This past week's writers conference was a pretty spectacular event. I managed to attend several of the lunchtime sessions and a few other events. I wish I could have done more. Even with that somewhat limited exposure, I came away with innumerable impressions and ideas that I hope can somehow influence my thinking and work over the next year.
1. Writing as Performance. Saul Williams, whose poetry is as much about performance on stage as it is about language, made the point that he regarded the page itself as a performance space. I am not sure why I was surprised by this. In the previous days panel entitled "beyond the screen", a number of the participants described the creative process in performative terms. One work discussed in this panel was a collective called Collaborative Furtures created a single book over a week period. The act of writing was as much the final product as the book itself. It got me thinking about blogging as a kind of performative writing. The time-based aspect of the blog -- with the date of publication forming the primary organizing principle -- represents writing in a way that centers more on the way that ideas develop through time and careen off one another than any one central theme, argument, plot, or even space. The time based component of the blog draws inspiration from the practice of writing journals which seek to capture the immediacy of experience. I think this relates to our somewhat erratic efforts on the Punk Archaeology blog where we have (I think tacitly) abandoned any plan or argument or even rhythm to our posts and introduce ideas as they come to us. In effect, blogging (even my rhythmic, daily, inscription) performs the act of writing by insisting on the temporal dimension of its practice. Like working papers, blog posts are showing the work that final drafts of academic and professional writing obscures behind a find layer of polish. Blogs represent ideas as events in the process of development.
2. There is no New Media. One of the themes of the writers conference was the New Media and one of the really obvious outcomes of all the panels that I attended is that the very notion of the New Media has outlived its purpose. First off, we probably can't call many of the things that are traditionally associated with the New Media "new" any more. After all, the internet as we know it is 20 years old and computer based media actually predates widespread access to net.

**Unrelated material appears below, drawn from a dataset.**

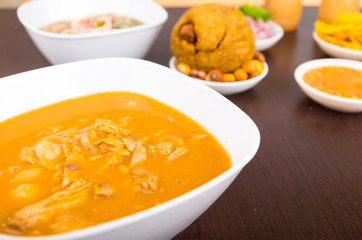 Special dish soup with onion served on a white dish, behind some traditional food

Like any once-new medium for communicating ideas, any effort to produce a common definition is bound to be inadequate to describe the work of artists and writers across such varied platforms as interactive fiction, web-based video, digital music, installation art, and multimedia arguments. In fact, if there is any complaint that I have about the writers conference is how little common ground there was between the people on the largest and (to my mind) potentially most dynamic panel -- Beyond the Screen -- which featured new media pioneers and masters across mutiple fields: Cecelia Condit (film), Mark Amerika (film and literature), Nick Montfort (literature), Stuart Moulthrop (art and literature), Scott Miller (music). While we can all accept that a lack of easy definition can suggest the existence of something profound, in the case of the New Media it may indicate, instead, that whatever moment in time the newness sought to capture and define has passed. The New Media no longer has a center around which ideas are coalescing. In other words, whatever middle ground once existed which allowed authors and artists to share ideas has now once again dispersed and we must find new paradigms to understand how former "New" media works relate.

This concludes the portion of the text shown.